Ontotext offers three editions of GraphDB: Free, Standard, and Enterprise.

Free – commercial, file-based, sameAs & query optimizations, scales to tens of billions of RDF statements on a single server with a limit of two concurrent queries.

Standard Edition (SE) – commercial, file-based, sameAs & query optimizations, scales to tens of billions of RDF statements on a single server and an unlimited number of concurrent queries.

Enterprise Edition (EE) – high-availability cluster with worker and master database implementation for resilience and high-performance parallel query answering.

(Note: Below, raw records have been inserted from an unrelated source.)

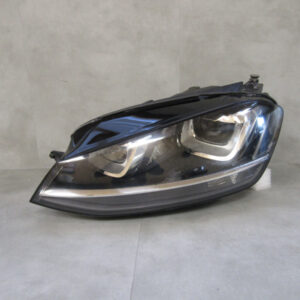 KOPLAMP VW VOLKSWAGEN GOLF VII 7 XENON 12-16 LINKS A1028/F122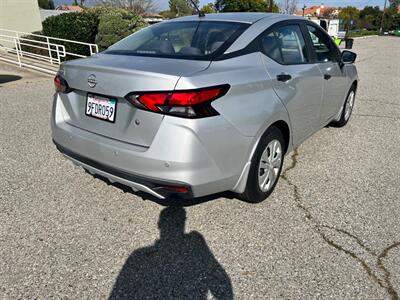 2023 Nissan Versa S - Photo 7 - Rancho Cucamonga, CA 91730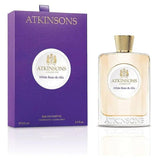White Rose De Alix By Atkinsons Unisex 3.3 oz EDP Spray
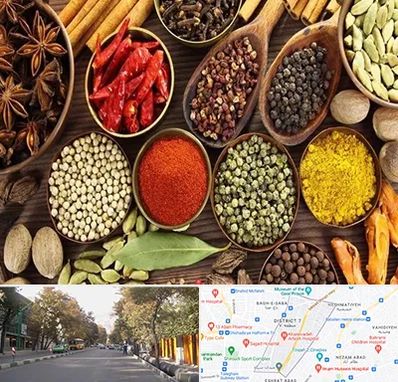 مرکز طب اسلامی در شریعتی 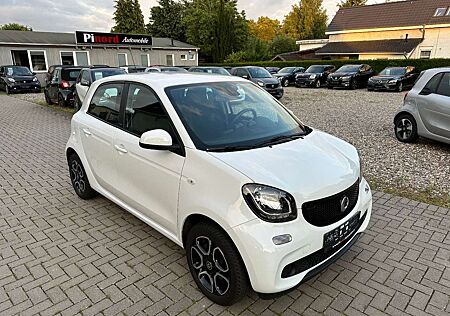 Smart ForFour Passion AUTOMATIK-S.HEIZ-ALU-USB-PDC-MFL
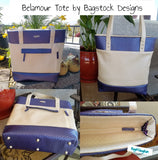 Belamour Tote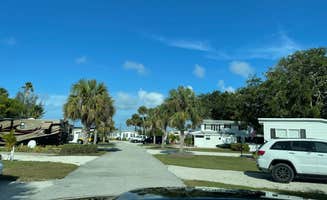 John R.'s photo of rv camping at Pelicans Landing Resort near Palm Bay, FL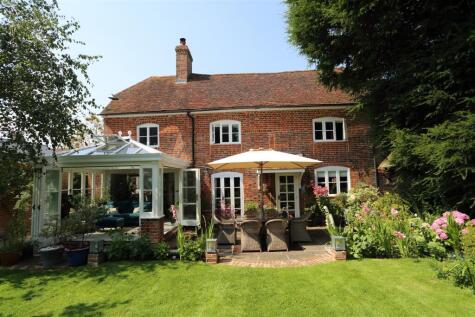 Dog Lane, Childrey, Wantage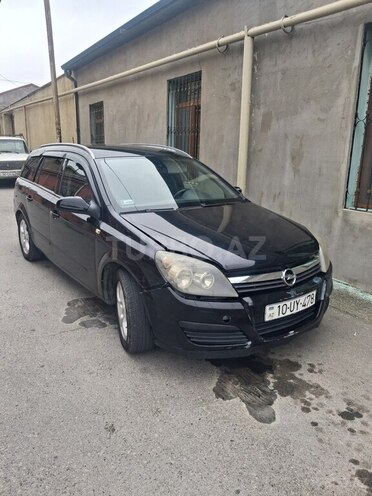 Opel Astra-1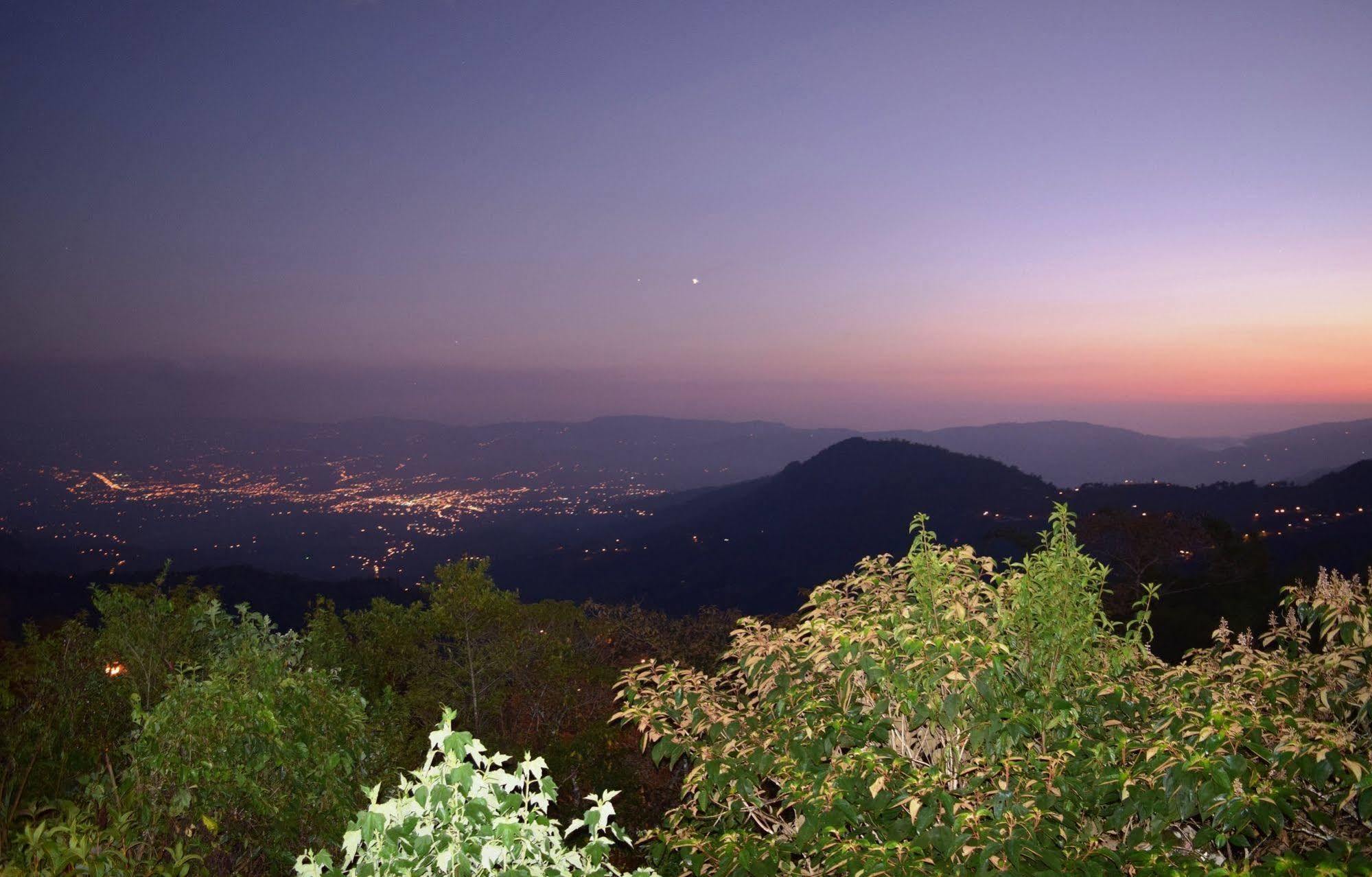 Mirador Valle Del General La Ese ภายนอก รูปภาพ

Why GraphDB is preferred choice of many data architects and data ops?

3 Reasons:

1. High Availability Cluster Architecture

GraphDB offers you a high-performance cluster proven to scale in production environments. It supports 

  • (1) coordinating all read and write operations, 
  • (2) ensuring that all worker nodes are synchronized,
  • (3) propagating updates (insert and delete tasks) across all workers and checking updates for inconsistencies, 
  • (4) load balancing read requests between all available worker nodes

Improved resilience

failover, dynamic configuration

Improved query bandwidth

larger cluster means more queries per unit time

Deployable across multiple data centres

Elastic scaling in cloud environments

Integration with search engines

Cluster Management and Monitoring

It supports

(1) automatic cluster reconfiguration in the event of failure of one or more worker nodes, 

(2) a smart client supporting multiple endpoints.

2. Easy Setup

GraphDB is 100% Java based in order to be Platform Independent. It is available through Native Installation Packages or Open Maven. It supports also Puppet and could be Dockerized. GraphDB is Cloud agnostic – It could be deployd on AWS, Azure, Google Cloud, etc.

3. Support

Based on the Edition you are using you could use the Community Support (StackOverFlow monitoring)

Ontotext has its Dedicated Support Team tha could assist through Customized Runbooks, Easy Slack communication, Jira Issue-Tracking System 

A big thank you to Ontotext for providing some insights into their product and database.